Nowy prezydent USA proponuje podwyższyć dozwoloną kwotę jednorazowego przekazu pieniężnego na Kubę z 300 do 3000 dol. "Pomoże to Kubańczykom podwójnie. Po pierwsze, dostając więcej pieniędzy od krewnych ze Stanów Zjednoczonych będą mniej zależni od władzy, a po drugie, umocnią się osłabione przez embargo związki między rodzinami" - powiedział jeden z doradców Obamy. W Stanach Zjednoczonych mieszka obecnie około półtora miliona Amerykanów pochodzenia kubańskiego.
Nowa administracja planuje take podjąć z reżimem Raula Castro dialog na temat zakończenia trwającego prawie pięć dekad embarga.

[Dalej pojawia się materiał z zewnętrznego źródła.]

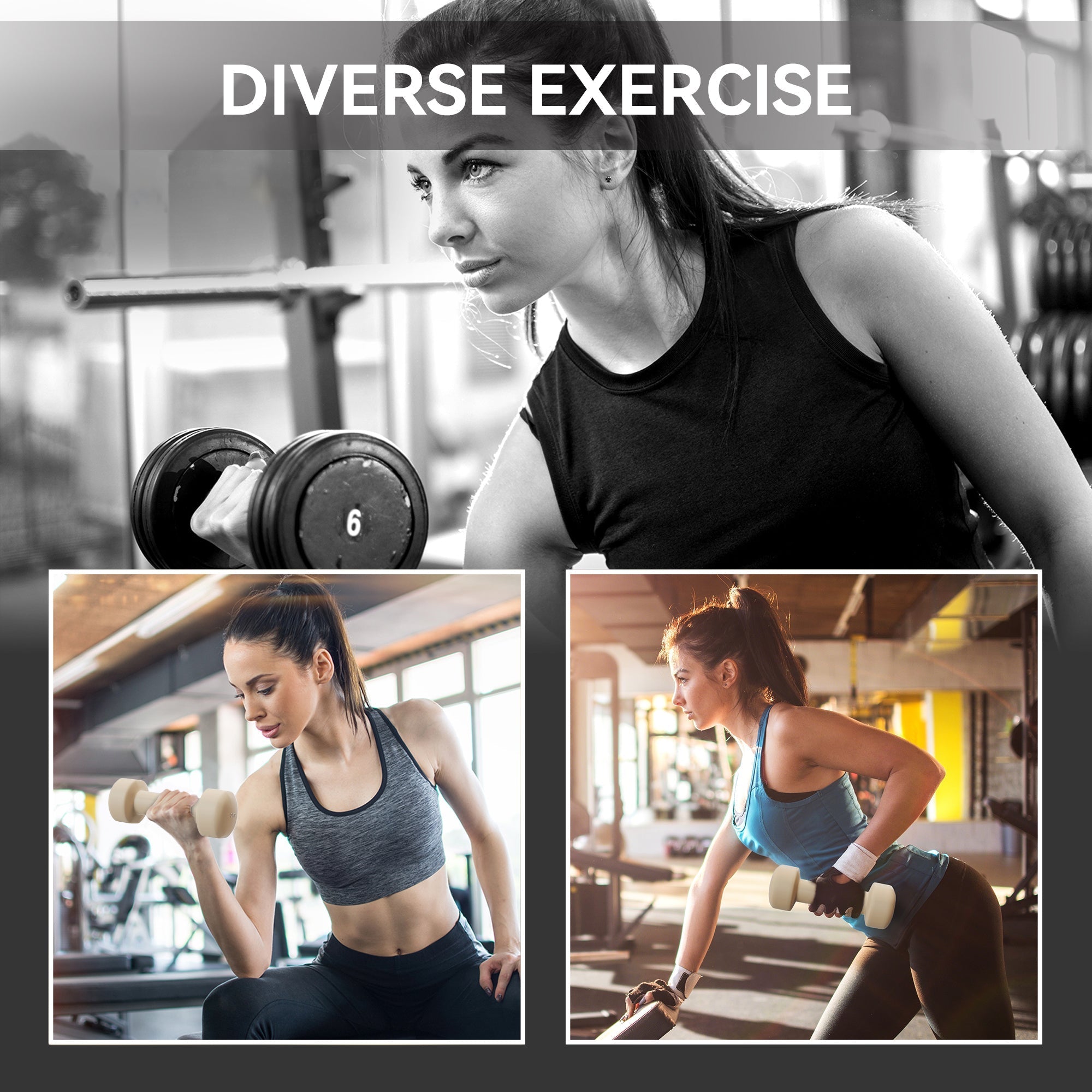 HOMCOM 10KG Dumbbells Set with Carry Case, Hand Weights for Women and Men Home Gym Weight Lifting Training, Pink, Purple, Grey, Brown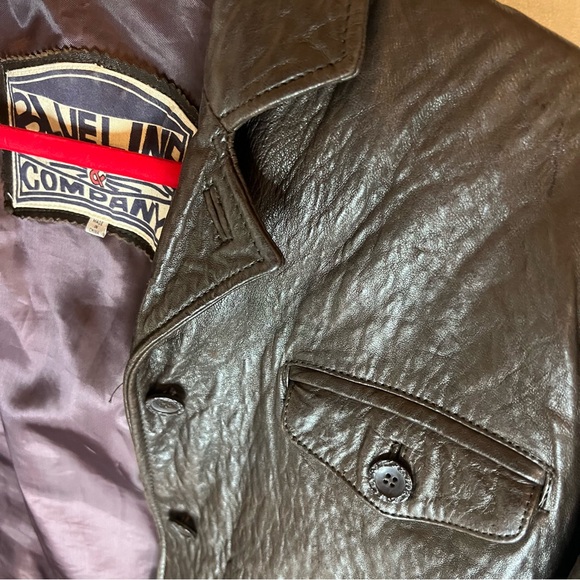 Vintage women’s  Blueline & company 100% leather bomber jacket. Size large - Picture 10 of 13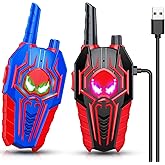 Rechargeable Walkie Talkies for Kids: Christmas Toys Gifts for Boys Ages 3 4 5 6 7 8 9 Kids Walkie Talkies 2 Pack Outdoor 2 Way Radio Hiking Toy for 3-6 Year Old Boy Birthday Gift Stocking fillers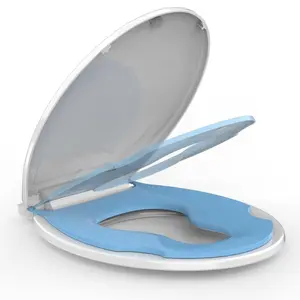 Blue Toilet Seat Round,Toilet Seat with Toddler Seat Built in, Potty Training Toilet Seat Round Fits Both Adult and Child, with Soft Close, Easy Install and Clean - Round White and Blue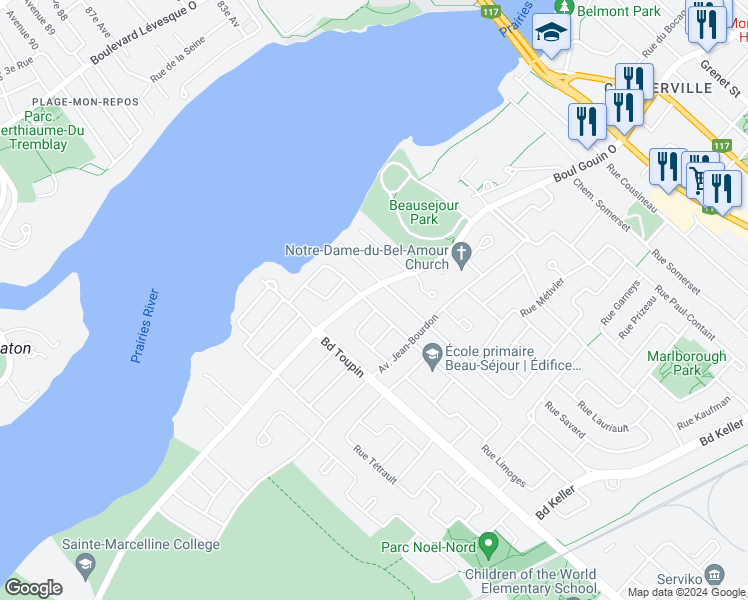 map of restaurants, bars, coffee shops, grocery stores, and more near 12287 Rue Beauséjour in Montréal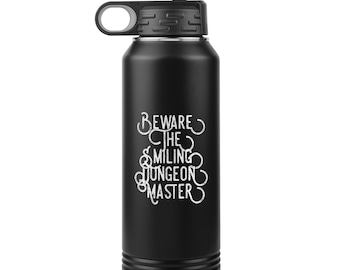 Cuidado con el sonriente Dungeon Master Water Botella Vaso 32oz novedad regalo d&d botella de agua vaso dnd regalo dnd botella de agua vaso de mesa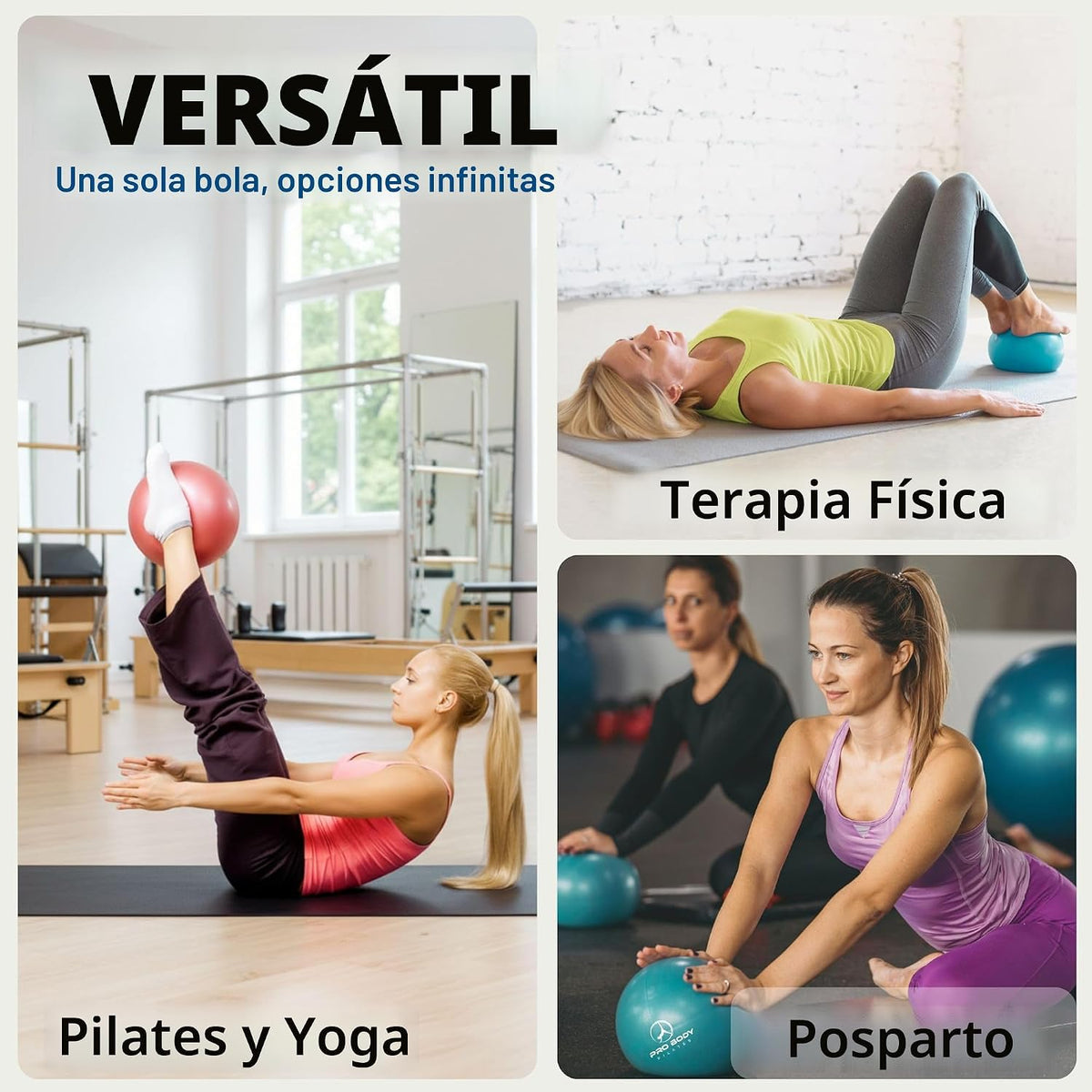 ProBody Pilates Mini Pelota de Ejercicio - Bola de 9 Pulgadas para...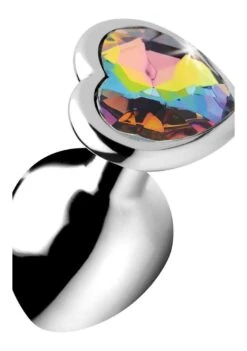 Rainbow Prism Heart Anal Plug – Medium – Silver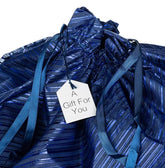 Extra Large Festive Metallic Blue Striped Gift Bag - 36 x 44 inches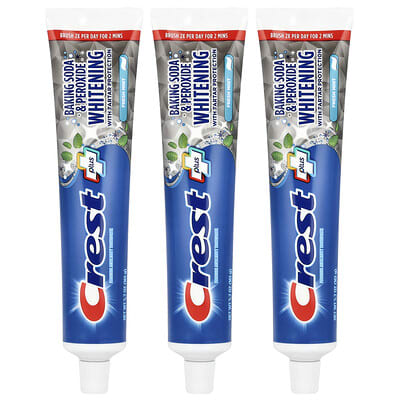 Plus, Fluoride Anticavity Toothpaste, Baking Soda & Peroxide Whitening, Fresh Mint, 3 Pack, 5.7 oz (161 g) Each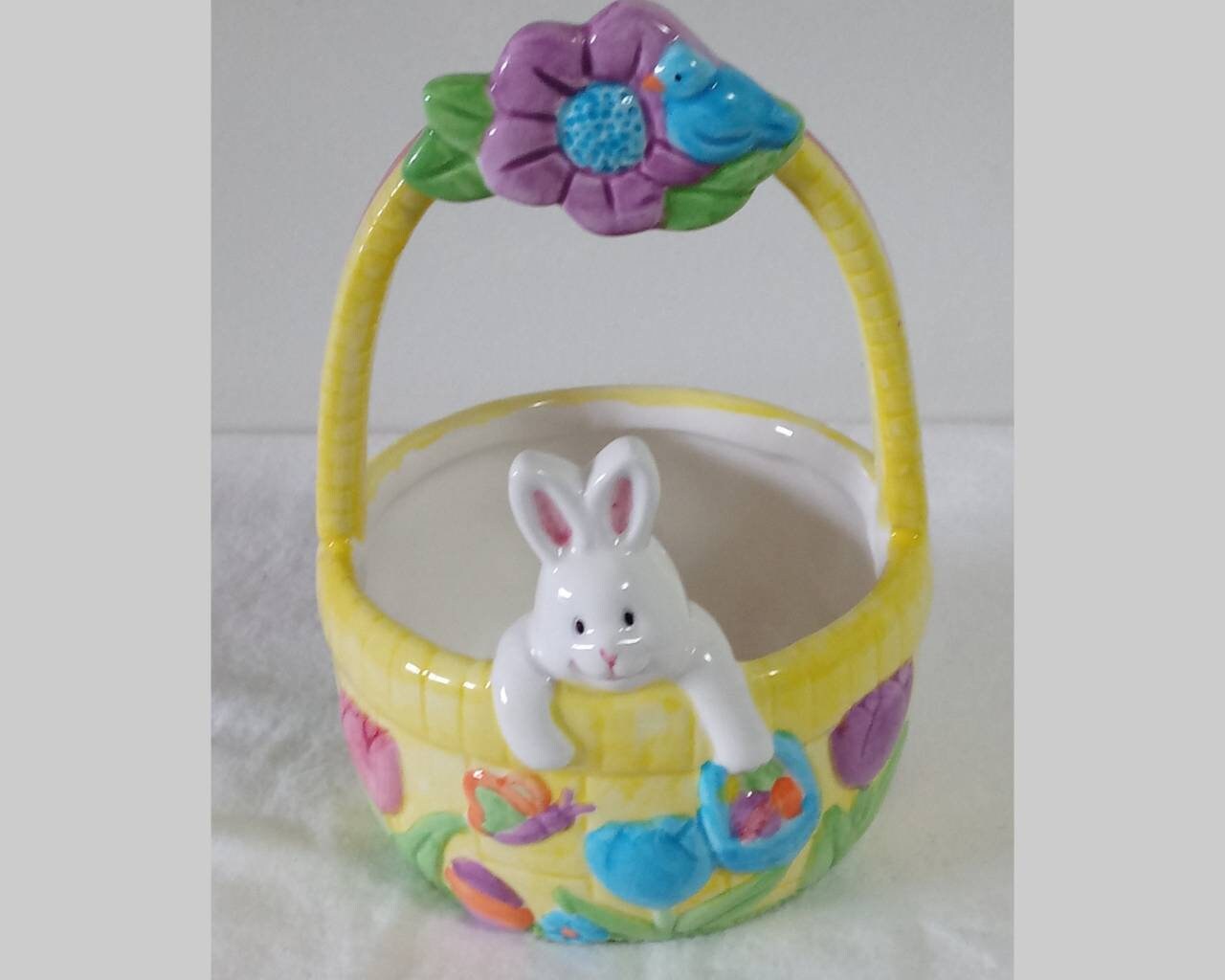 Vintage Ceramic Easter Basket Planter Bunny Tulips Yellow Etsy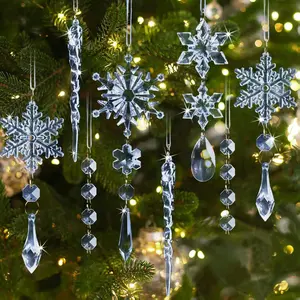 18 pcs Crystal Christmas Tree Ornaments - Blue Acrylic Snowflake Icicle Drop Crystal Hanging Ornaments for Christmas Tree Wonderland Frozen Themed Birthday Party Decor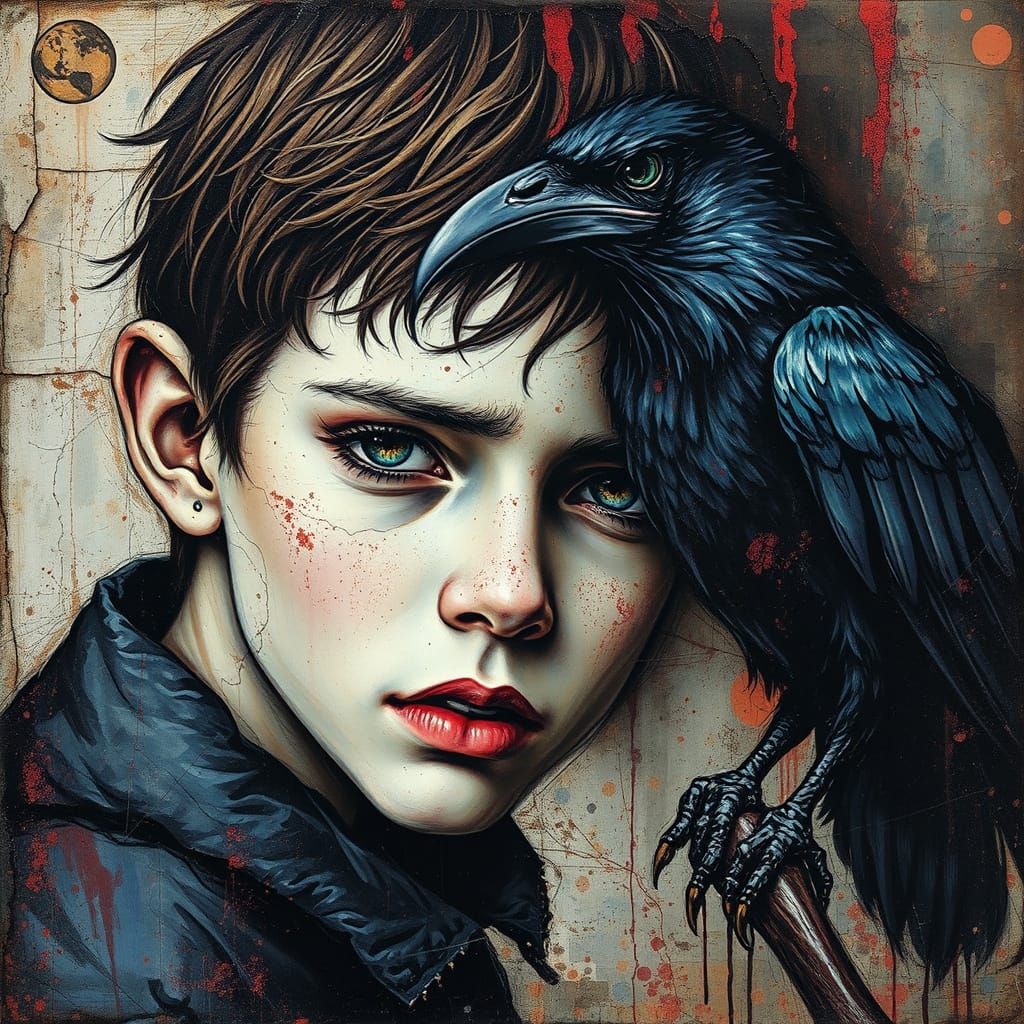 Surreal Emotional Portrait with Crow in Dark Colors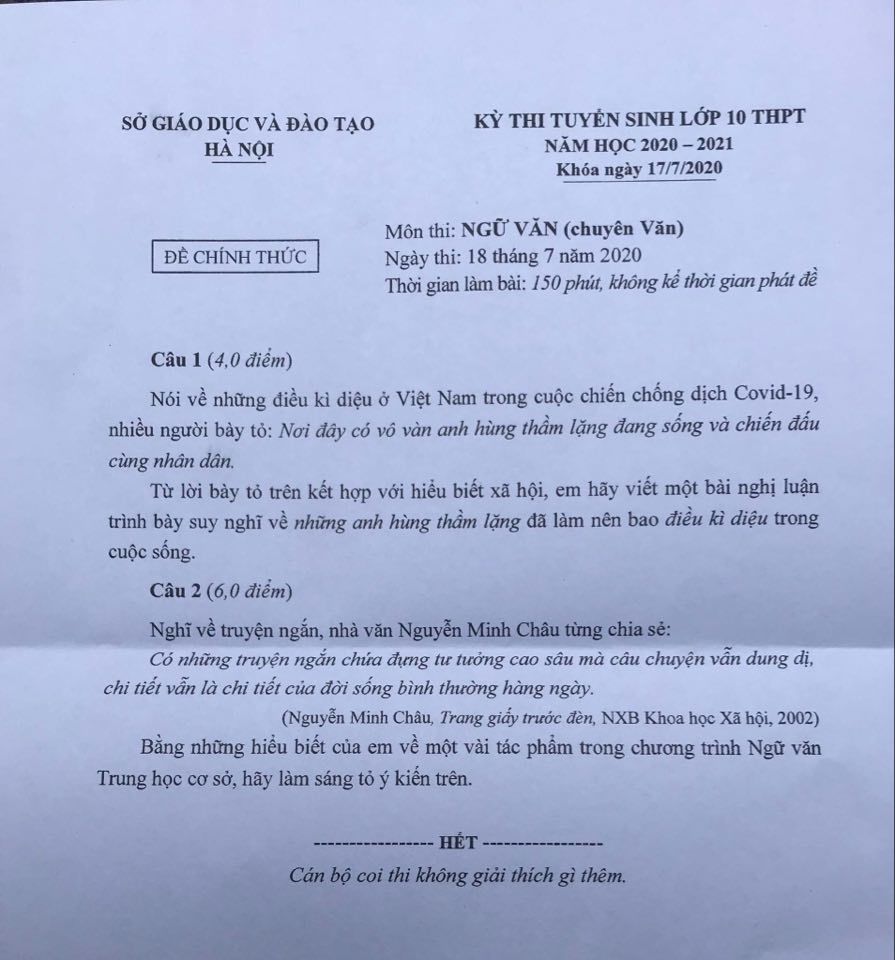 Đề thi chuyên Văn vào lớp 10 của Hà Nội 2020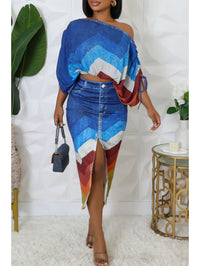 Geometric Print Short-Sleeve Ruffled Crop Top with Drawstring Split Midi Skirt 2-Piece Outfit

Władze w Hawanie są chętne do podjęcia negocjacji. Nawet 82-letni Fidel Castro, który z powodów zdrowotnych oddał w lutym władzę swojemu młodszemu bratu, życzliwie odniósł się do propozycji Baracka Obamy. "Rozmowy mogą się odbyć gdziekolwiek (Obama) chce" - stwierdził były dyktator w oświadczeniu, które w jego imieniu przeczytano na antenie publicznej telewizji.
Jednak w projekcie następcy George'a W. Busha nigdzie nie ma mowy o całkowitym zniesieniu embarga. Jednocześnie jednak grupa 50 kongresmenów z obydwu partii przygotowuje projekt ustawy całkowitego zniesienia sankcji wobec Hawany.